For those unfamiliar with blockchain, a type of database associated with Bitcoin transactions, Simon Denny’s new solo show, Blockchain Future States, contains a three-minute video that serves as a brilliant crash course to the 2009 innovation. Best experienced back to front, Denny’s installation is screened on the furthest wall of Petzel’s Chelsea white cube.
Made in collaboration with a tech agency, the informational short breaks down the revolutionary basics. The graphics are sleek but not sterile. A warm voice narrates. The video begins: “Imagine a world where trust is guaranteed, a world without borders, a world in which each and every one of us takes part in the whole, this world is already here, embedded in the Blockchain.” Benign in its methods, Denny’s film lays out the anarchical possibilities embedded in blockchain’s seemingly incorruptible transparency. When listing its capabilities, the video is careful to mention voting, an application that feels disappointingly out of reach given the fact that the upcoming presidential election will still rely on paper.
The future of governance is a theme that weighs heavily on Denny’s entire installation. Progressively radical models for blockchain are played out through a series of hyper-designed Risk boards in the exhibition's left wing. Like the childhood game, complex concepts are simplified into plastic pieces and dice. When looking at Denny’s three hypothetical maps, it is impossible not to think of Alighiero Boetti’s Mappa series (1971-1994)—where the artist created approximately 150 embroidered maps displaying the shifts of political regimes.
In Luca Cerizza’s in-depth analysis of Mappa for Afterall Books, the author writes, “The Dutch cartographers and painters of the 1600s and others in their wake ‘simplified’ the world to represent it flat before our eyes.

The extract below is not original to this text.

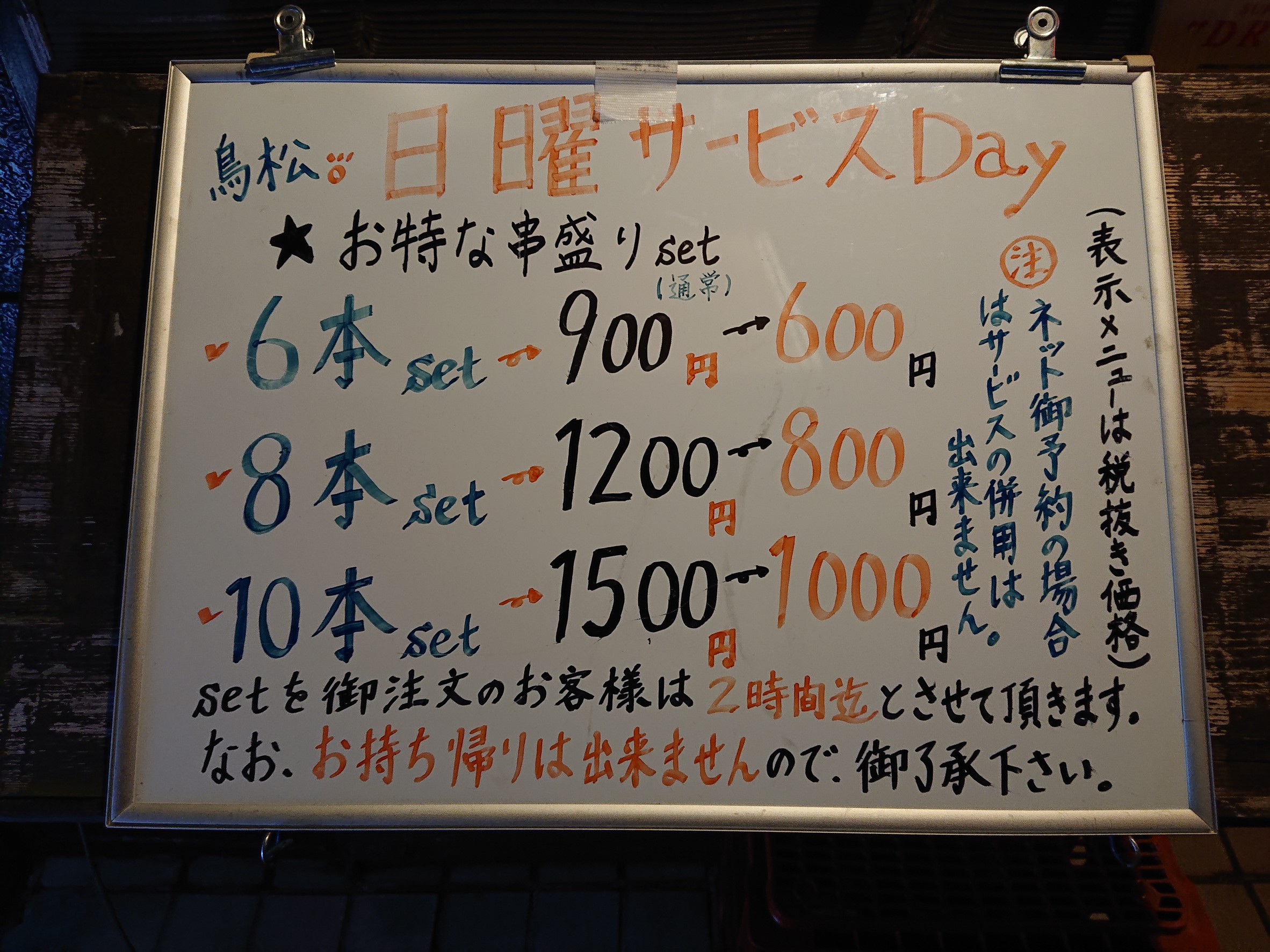 Menu image 2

Boetti aimed precisely at this extreme reduction that utilizes a desubjectivized, rather than subjective, point of view, and moved toward the abstraction of a language that can be more widely used and shared.” Denny’s exhibit is what Boetti’s maps worked to achieve; an educated new perspective in processes that are considered linear.

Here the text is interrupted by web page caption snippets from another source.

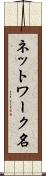ネットワーク名 Scroll
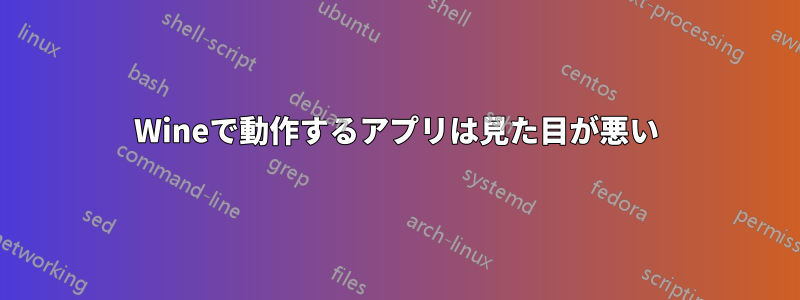 Wineで動作するアプリは見た目が悪い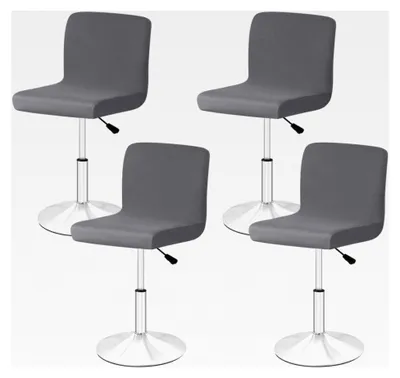 Produktbild von Set mit 4 Bezügen für Hochstühle und Esszimmerstühle, Stretch Stuhlhussen, abnehmbar und waschbar, Schonbezug für Esszimmerstühle (4-Grau)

Education is fundamental to understanding Denny’s practice as well. “The art-going audience is an attentive audience, they will stay and learn,” says Denny on a walkthrough of his show. “It’s my goal to present information in a way that aids new understanding.”

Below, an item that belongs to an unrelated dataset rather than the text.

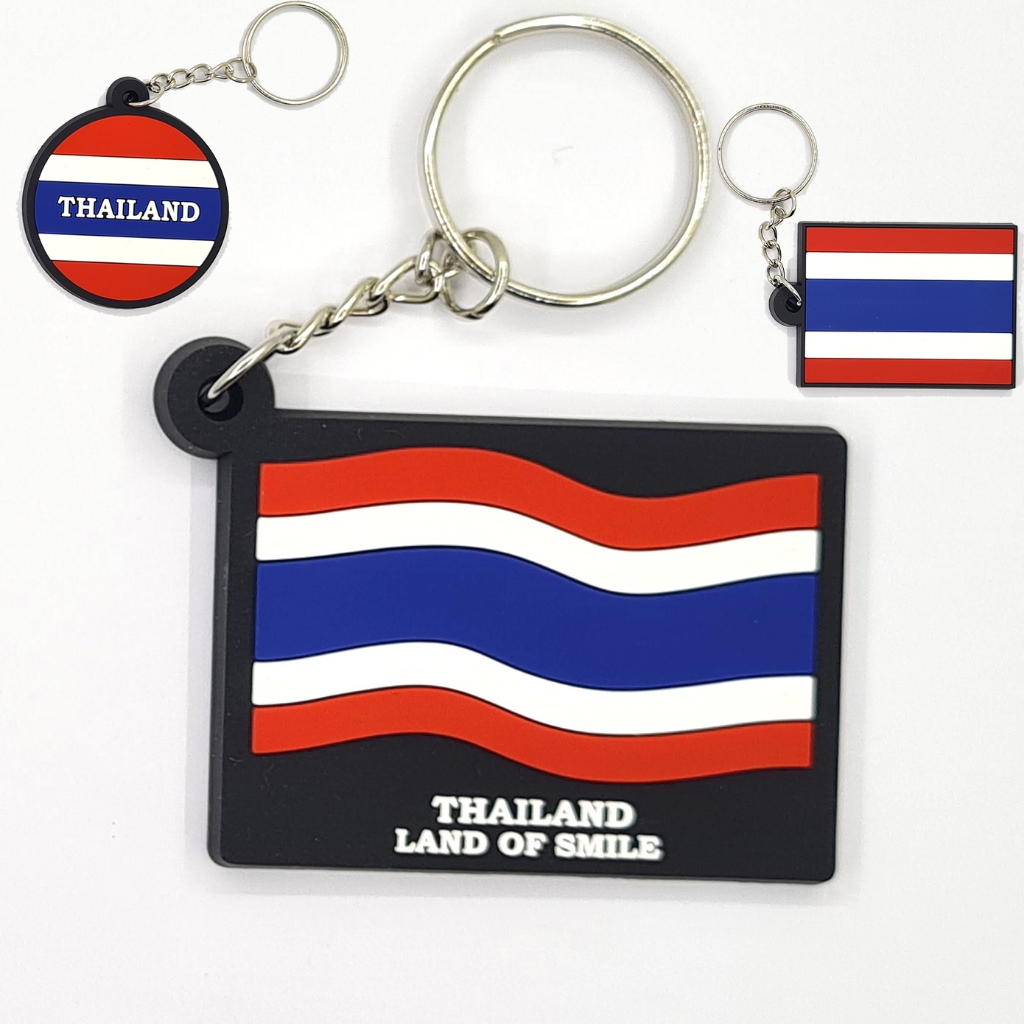 Rubber Keychain Thailand Thai flag Country Shopee Philippines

Like Boetti, Denny doesn’t achieve this alone. His work is highly produced, created by a team of collaborators who add levity to the idea of a more democratic network. Working together to achieve clarity, the final product is sleek, approachable and slightly humorous. Each game board is accompanied by a whiteboard globe and a metal character cutout. Blythe Masters of Digital Asset Holdings (DAH), the blockchain startup, is the first mannequin to greet you. Masters, a former CFO of JPMorgan, hopes to use Bitcoin to speed up the way transactions are done. She envisions blockchain as an infallible, cost-saving intermediary for banks, individuals, and corporations. Masters is the least radical of three models presented, and her Risk board reflects that. The aesthetics are professionalized and corporate. The blue vinyl banner over the game board reads, “Blockchain without decentralization.”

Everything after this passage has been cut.